O fascínio pela história de Anna

Jeffrey Chabrowe, um ex-promotor de Nova Iorque, diz que a cidade "é um pouco obcecada" com Anna. "Ela é tão descarada", diz à TIME. "Não existem muitas mulheres de 28 anos, atraentes e capazes de enganar com sucesso várias instituições financeiras de alto nível. Ela tem um magnetismo único" declara.

Algumas das pessoas olham para a história de Anna com admiração, já que esta conseguiu viver num mundo elitista difícil de alcançar sem possibilidades monetárias. No verão passado, camisolas com a frase Free Anna Delvey tornaram-se parte da moda nova-iorquina e diversas pessoas utilizaram a sua conta de Twitter para apoiar a jovem com a hastag #FreeAnnaDelvey

A revista Marie Claire também mostrou entusiasmo pela história apesar de reconhecer as vítimas de Anna. "Ninguém morreu como resultado de suas ações, ela apenas fez as pessoas ricas parecerem idiotas".

A história da jovem chamou à atenção de Shonda Rimes, a produtora da série Anatomia de Grey que comprou os seus direitos e vai tornar Anna Sorokin a nova protagonista da sua primeira aposta para a plataforma de streaming, Netflix. Também a HBO está a trabalhar num guião com a escritora Lena Dunham sobre a historia de Anna e Rachel Williams.

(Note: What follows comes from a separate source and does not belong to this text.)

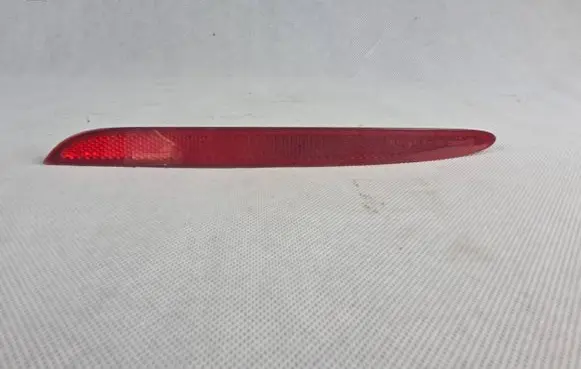 Mercedes-Benz A W177 Rear tail light reflector A2178200174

Após um mês de julgamento, a jovem foi considerada culpada de quatro acusações de roubo de serviços, três acusações de furto e uma acusação de tentativa de furto. Foi absolvida de uma acusação de furto e uma de tentativa de furto. "Como provado, Anna Sorokin cometeu crimes reais de colarinho branco ao longo de seu longo baile de máscaras", disse o promotor Cyrus Vance num comunicado onde se anuncia a condenação. A sentença será lida a 9 de maio e a jovem pode ser condenada até 15 anos de prisão.

A jovem recusou um acordo proposto pelo tribunal, que poderia resultar em uma sentença mais branda, se ela concordasse em voltar para a Alemanha, onde morava desde os 16 anos. Agora enfrenta a deportação para a Alemanha porque o seu visto já terminou.